# MN Coyote/Fox Hunting



## maple lake duck slayer (Sep 25, 2003)

I was just wondering if anyone hunts these in MN around the Hennepin/Wright county areas. Behind my friends house, you can hear them yelp and we saw one one night. We could hunt there, but it is close to a housing developement. Who cares, they have called cops about geese falling from the air before and nothing has happened yet. How about in Wright county. We have some land out there and while bowhunting, we saw a few fox. The land is mostly farmland around there with some woods and swamps. Thought it may be fun to try hunting them. Just wondering if anyone has any info around this area, or suggestions to help findout if there are any around.


----------



## coyotehunter73 (Jan 9, 2004)

I would think that as long as you have permission to hunt wherever you will be hunting, that there would definately be yotes in the area.
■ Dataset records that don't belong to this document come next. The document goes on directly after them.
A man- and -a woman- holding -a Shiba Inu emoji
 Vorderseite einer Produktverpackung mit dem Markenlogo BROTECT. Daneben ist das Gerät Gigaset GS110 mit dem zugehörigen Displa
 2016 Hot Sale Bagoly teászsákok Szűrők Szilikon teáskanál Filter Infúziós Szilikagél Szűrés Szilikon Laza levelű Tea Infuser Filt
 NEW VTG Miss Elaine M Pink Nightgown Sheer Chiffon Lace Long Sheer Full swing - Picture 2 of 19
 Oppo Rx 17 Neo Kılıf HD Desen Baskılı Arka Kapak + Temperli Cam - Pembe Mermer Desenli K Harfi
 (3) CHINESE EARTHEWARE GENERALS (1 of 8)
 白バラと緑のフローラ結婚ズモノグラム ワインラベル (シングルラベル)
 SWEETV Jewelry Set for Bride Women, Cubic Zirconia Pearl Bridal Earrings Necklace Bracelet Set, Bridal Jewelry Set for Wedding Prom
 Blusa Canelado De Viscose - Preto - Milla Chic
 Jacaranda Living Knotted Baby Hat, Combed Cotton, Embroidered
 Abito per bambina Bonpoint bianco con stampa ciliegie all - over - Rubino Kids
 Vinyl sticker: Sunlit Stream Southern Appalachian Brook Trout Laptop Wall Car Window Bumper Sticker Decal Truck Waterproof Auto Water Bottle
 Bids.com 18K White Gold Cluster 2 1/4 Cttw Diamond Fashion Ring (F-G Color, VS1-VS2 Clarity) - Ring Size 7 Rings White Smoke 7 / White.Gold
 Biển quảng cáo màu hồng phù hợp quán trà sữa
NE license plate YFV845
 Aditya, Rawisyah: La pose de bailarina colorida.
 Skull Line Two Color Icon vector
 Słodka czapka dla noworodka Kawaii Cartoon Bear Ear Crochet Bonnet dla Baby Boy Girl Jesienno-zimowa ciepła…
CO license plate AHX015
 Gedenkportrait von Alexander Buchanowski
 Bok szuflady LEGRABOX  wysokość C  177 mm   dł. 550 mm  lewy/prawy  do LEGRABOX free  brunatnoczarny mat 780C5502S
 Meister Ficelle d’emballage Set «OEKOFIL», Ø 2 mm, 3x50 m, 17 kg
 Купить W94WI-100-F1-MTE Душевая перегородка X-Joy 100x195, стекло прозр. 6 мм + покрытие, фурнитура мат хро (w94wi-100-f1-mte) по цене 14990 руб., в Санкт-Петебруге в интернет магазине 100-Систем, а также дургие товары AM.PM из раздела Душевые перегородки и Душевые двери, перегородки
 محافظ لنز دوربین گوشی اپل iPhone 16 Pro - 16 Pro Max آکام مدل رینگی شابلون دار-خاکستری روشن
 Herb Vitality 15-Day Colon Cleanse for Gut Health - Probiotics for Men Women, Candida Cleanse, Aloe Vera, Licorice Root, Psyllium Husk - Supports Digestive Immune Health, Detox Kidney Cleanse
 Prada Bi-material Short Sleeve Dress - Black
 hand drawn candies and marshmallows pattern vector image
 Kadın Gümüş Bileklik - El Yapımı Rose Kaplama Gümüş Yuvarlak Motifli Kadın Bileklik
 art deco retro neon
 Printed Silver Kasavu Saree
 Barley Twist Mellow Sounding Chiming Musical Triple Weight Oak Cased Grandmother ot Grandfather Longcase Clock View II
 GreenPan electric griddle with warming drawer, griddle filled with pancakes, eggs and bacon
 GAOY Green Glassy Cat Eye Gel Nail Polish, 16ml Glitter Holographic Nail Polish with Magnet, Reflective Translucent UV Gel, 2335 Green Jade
You can get more information on locations that are open to public hunting by purchasing PRIM maps from the DNR. I started hunting yotes last year, and have yet to call one in while hunting. It is very difficult to find places to hunt around the metro area that aren't already bombarded by coyote hunters. Also, make sure that it is legal in your area to discharge a firearm. Most cities within the metro area have some sort of ordinances against discharging firearms. I see yotes quite frequently where I live, but I can't hunt there.

:sniper:


----------



## mattmn (Apr 8, 2004)

I hunt in Wright county and the best advice I would have is find out who farms the land you are hunting on or near and ask them if they have seen any, and where. I was just talking to the guy that farms my friends farm this last weekend and after he told me where he thought a den may be, I was able to find the den in under a half hour. (unfortunately it doesn't seem to be used currently)
Just about any farmer will be more than happy to help you find coyotes around his land.


----------